▸ AIM OF THE EXERCISE: Retype each line below precisely and omit all images.

* * * * *

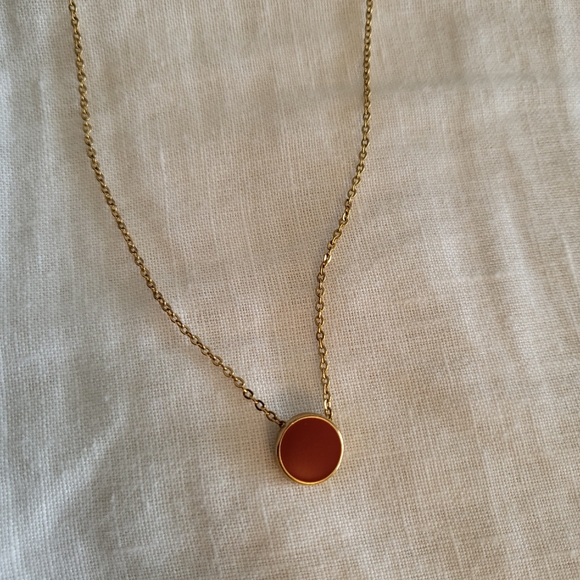 American apparel button necklace - Picture 1 of 3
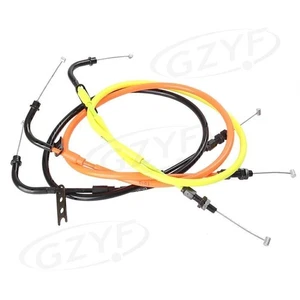 Motor Throttle Cables Accelerator Lines for Suzuki GSXR600 GSXR750 2006 -2010 cl - Bild 1 von 12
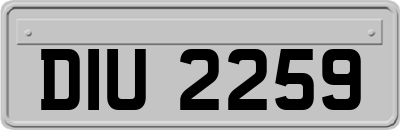 DIU2259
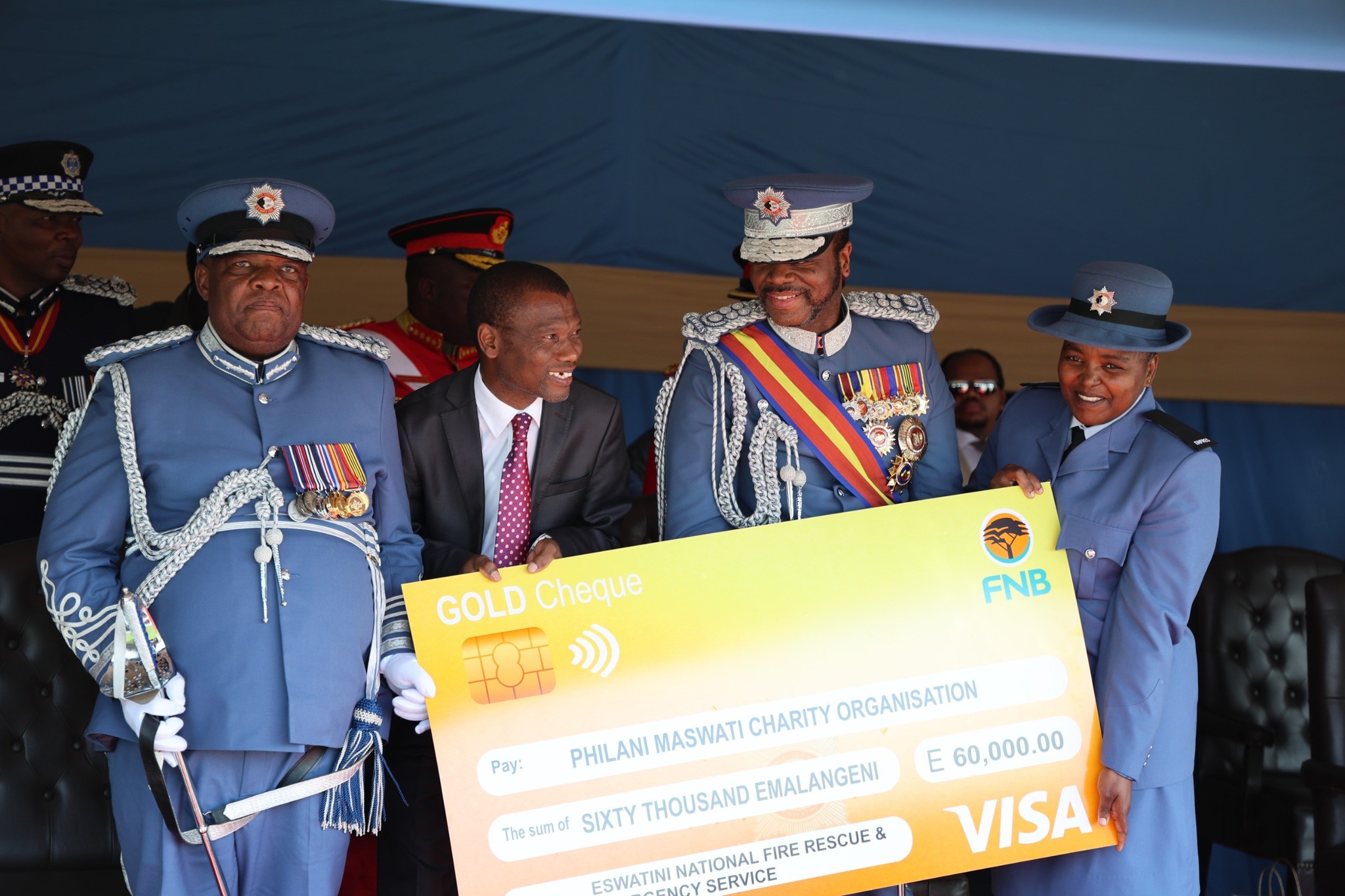 ENFES donates E60 000 to Philani Maswati
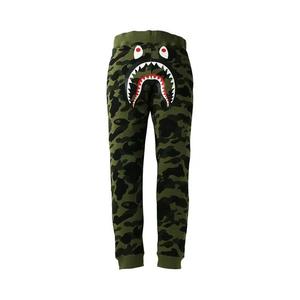 Спортивные штаны BAPE 1st Camo Shark Slim Fit «Зеленый»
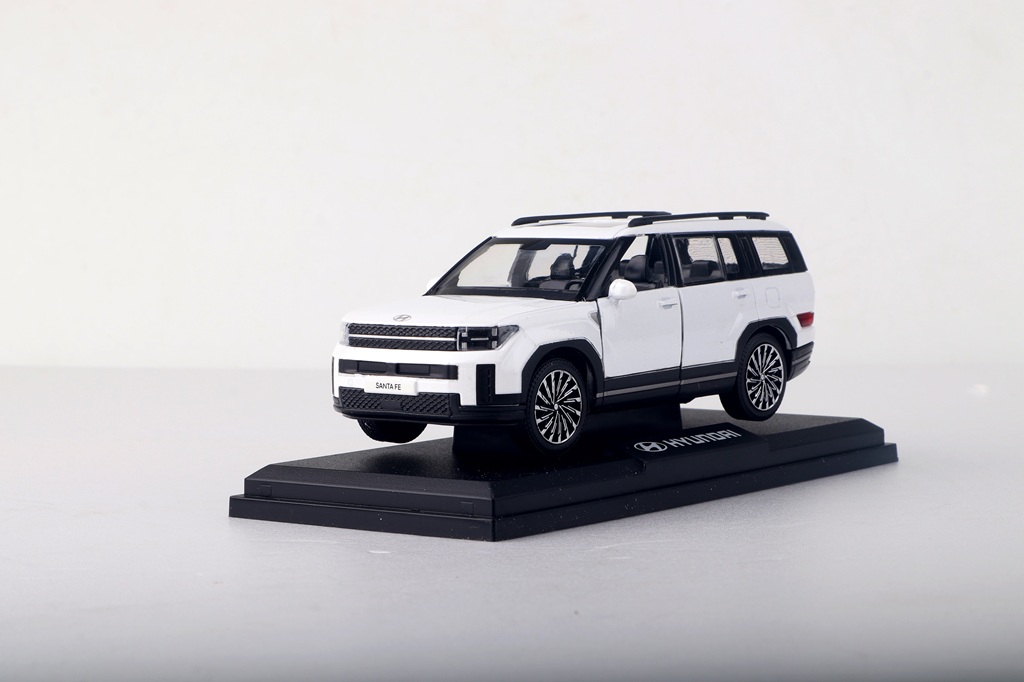 Mini Coche SANTA FE MX5 Color Blanco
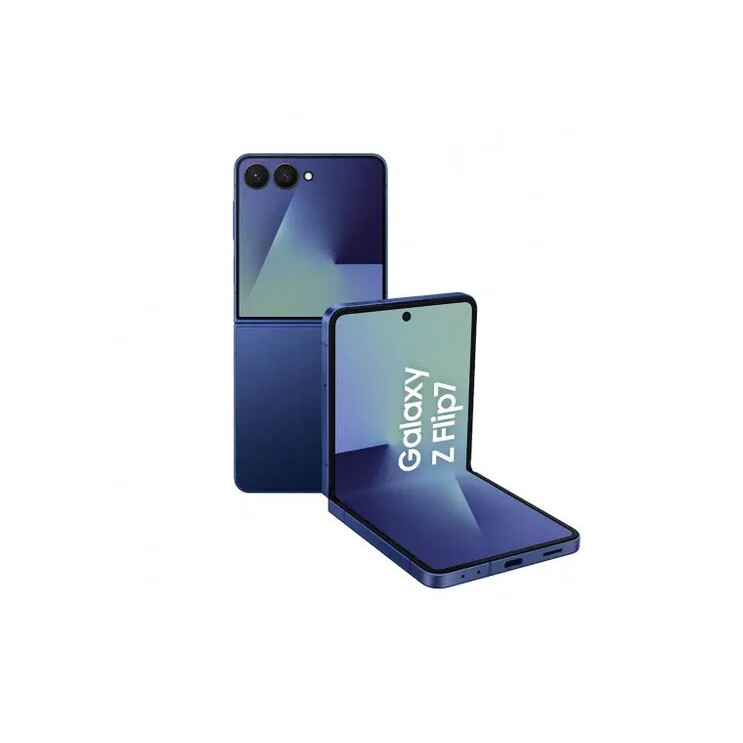 Smartphone Samsung Galaxy Z Flip7 512GB 5G - Azul, Tela dobrável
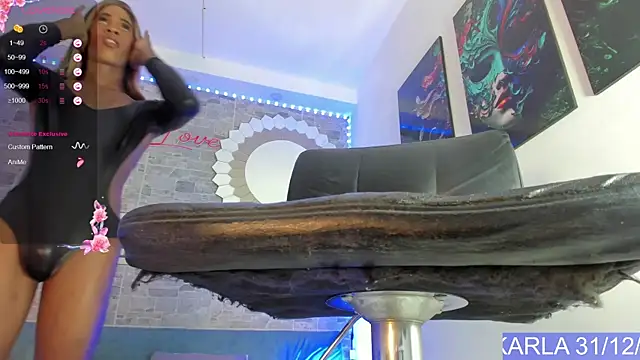 Karla-Ebony online show from 31, 12, 2024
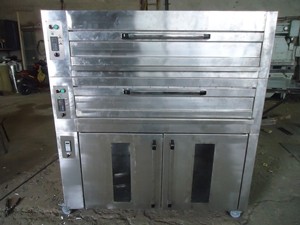 Производство на фурни за хляб и закуски и втасални шкафове и втасални камери фурните побират 15бр. т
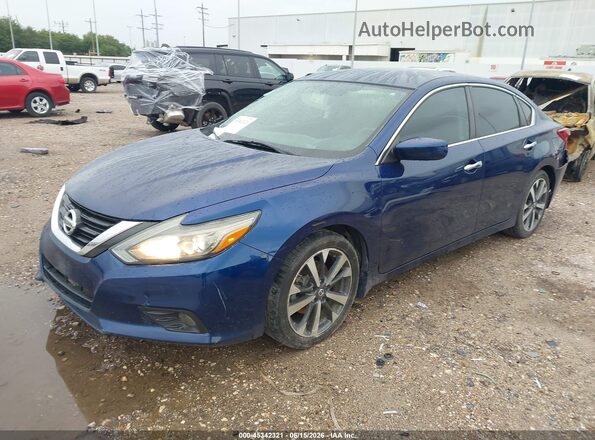 1N4AL3AP9HC481178 2017 NISSAN ALTIMA Blue წინა მარცხენა ხედი სამი მეოთხედიდან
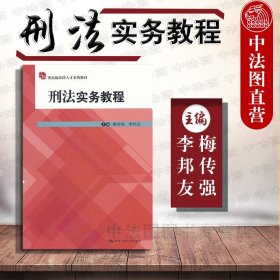 应用型高级法律人才系列教材：刑法实务教程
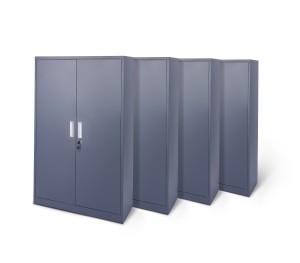 4x Biurowa szafa metalowa na akta, model IMPERIA-S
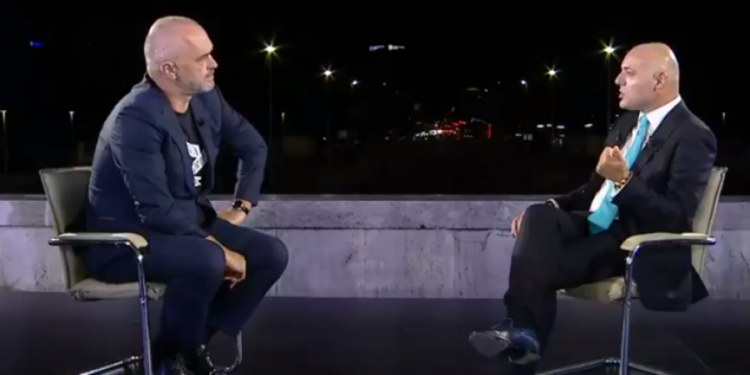 Rama përplaset me Fevziun: Merkel mori në telefon; Gazetari: Po pse s’ka punë tjetër ajo, të marri ty në telefon ssdsdddd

* * * * *

▸ RESULT OF THIS EXERCISE:
 American apparel button necklace - Picture 1 of 3
 Motor Throttle Cables Accelerator Lines for Suzuki GSXR600 GSXR750 2006 -2010 cl - Bild 1 von 12
 DIU2259
 ENFES donates E60 000 to Philani Maswati
 Спортивные штаны BAPE 1st Camo Shark Slim Fit «Зеленый»
 Mini Coche SANTA FE MX5 Color Blanco
 Smartphone Samsung Galaxy Z Flip7 512GB 5G - Azul, Tela dobrável
 Karla-Ebony online show from 31, 12, 2024
 Производство на фурни за хляб и закуски и втасални шкафове и втасални камери фурните побират 15бр. т
 1N4AL3AP9HC481178 2017 NISSAN ALTIMA Blue წინა მარცხენა ხედი სამი მეოთხედიდან
 应用型高级法律人才系列教材：刑法实务教程
 4x Biurowa szafa metalowa na akta, model IMPERIA-S
 Rama përplaset me Fevziun: Merkel mori në telefon; Gazetari: Po pse s’ka punë tjetër ajo, të marri ty në telefon ssdsdddd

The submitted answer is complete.